А в том 1922 году, когда Зощенко впервые заявил в печати о своих взглядах, Осип Мандельштам, оспаривая через столетие утверждение Чаадаева, что у России нет истории, предостерегающе писал в статье «О природе слова»: «Для России отпадением от истории, отлучением от царства исторической необходимости и преемственности, от свободы и целесообразности было бы отпадение от языка. „Онемение“ двух-трех поколений могло бы привести Россию к исторической смерти. Отлучение от языка равносильно для нас отлучению от истории. Поэтому совершенно верно, что русская история идет по краешку, по бережку, над обрывом и готова каждую минуту сорваться в нигилизм, то есть в отлучение от слова». Еще одно подтверждение горькой истины, что нет пророка в своем отечестве.

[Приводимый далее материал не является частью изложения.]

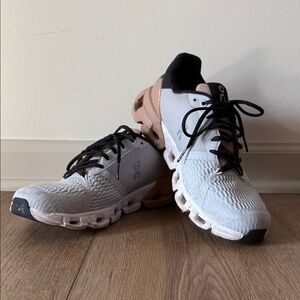 On Running White and Blush Athletic Shoes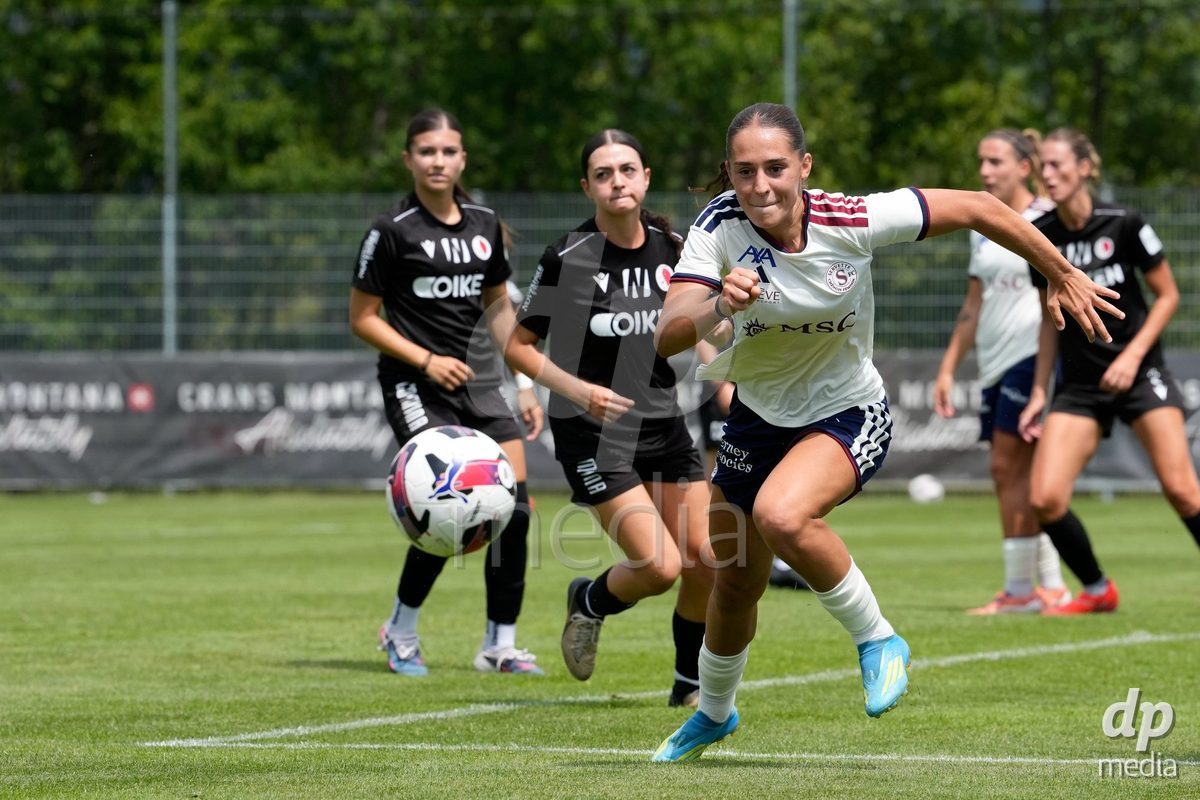 Crans-Montana, Switzerland - July 25: Amina Muratovic (23 SFCCF) during the AXA Women's Super League match between Servette FC Chenois Feminin and FC Sion Feminin at Stade du Christ-Roi on July 25, 2026 in Crans-Montana, Switzerland.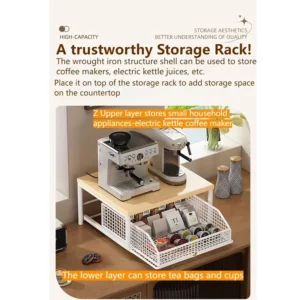 Modern Kitchen Microwave Shelf Organizer- Space-Saving Countertop Storage Rack for Appliances Storage Rack for Stylish Design - Image 6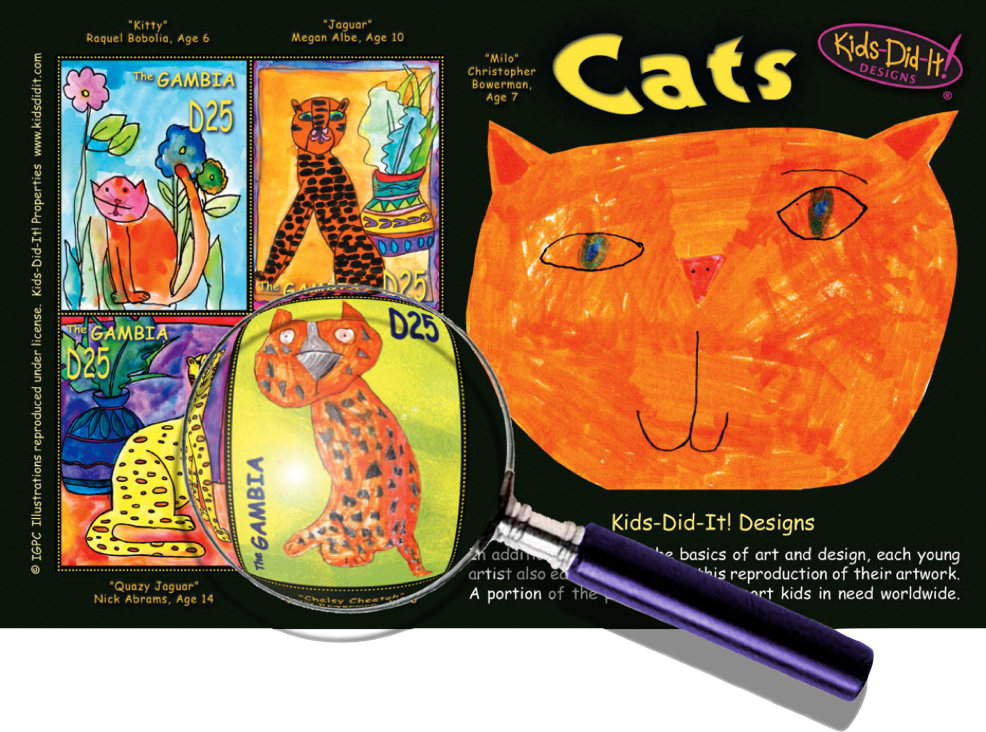 Cat Postage Stamps featuring original art created by kids and chidren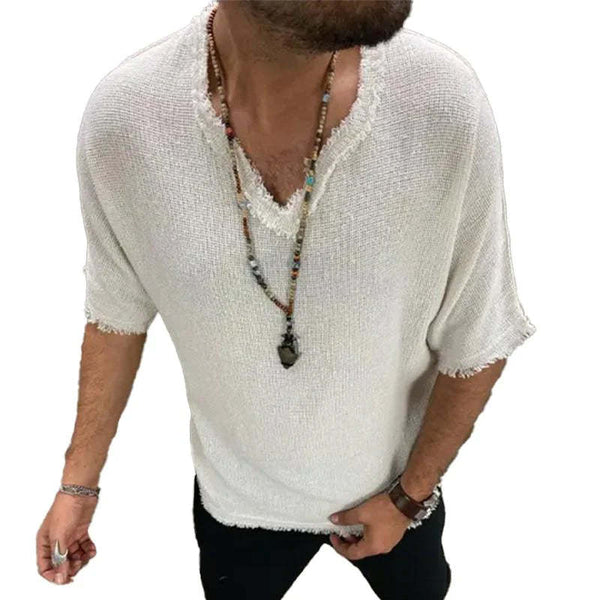 Men's Cotton And Linen Loose V-neck Short-sleeved T-shirt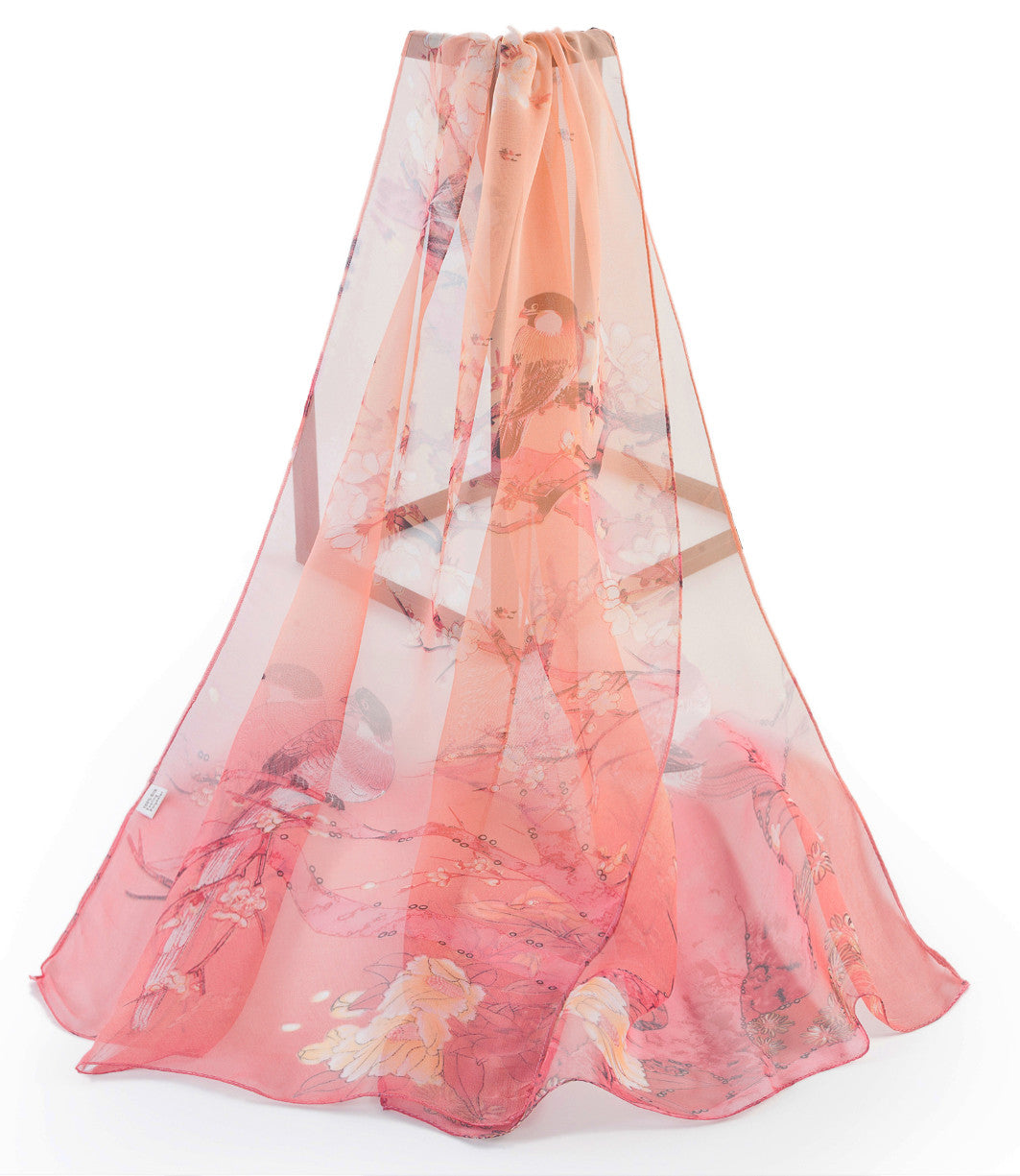 SC-Chiffon Bird Blossom Peach | Chiffon Scarf - www.signareusa.com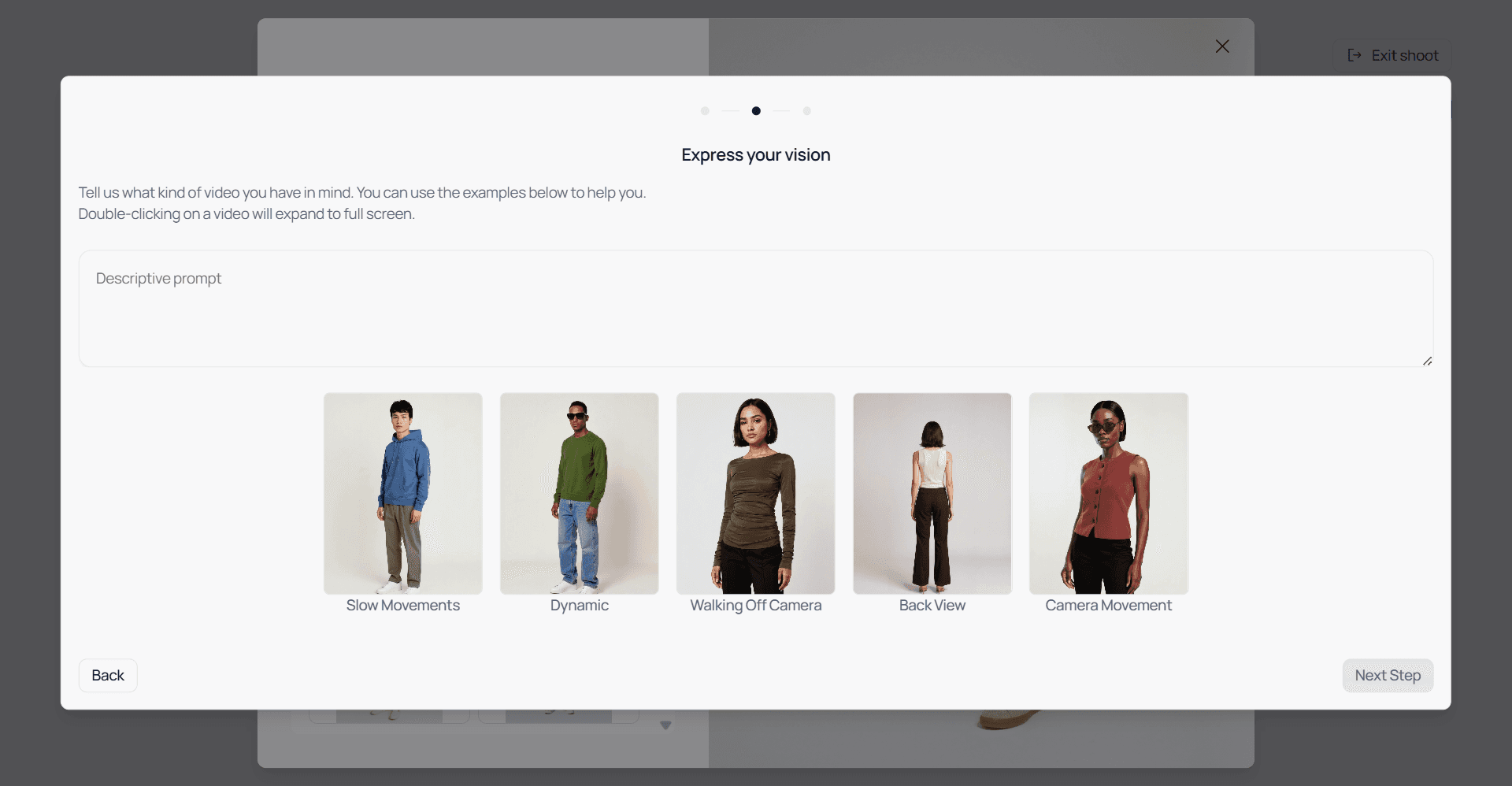 Choose your prompt to generate ai fashion video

Начавшийся после Октября процесс «онемения» получил самое яркое отражение именно в рассказах Зощенко 20-х годов. Никто из писателей не мог даже сравниться с ним в художественном воспроизведении того раннего советского «новояза», на котором заговорила послеоктябрьская людская формация, ставшая предметом его писательского исследования. И не было ни одного критика и литературоведа, который в своих статьях о Зощенко не писал бы о его языке. Сказ и язык — это были два конька всех пишущих о его творчестве.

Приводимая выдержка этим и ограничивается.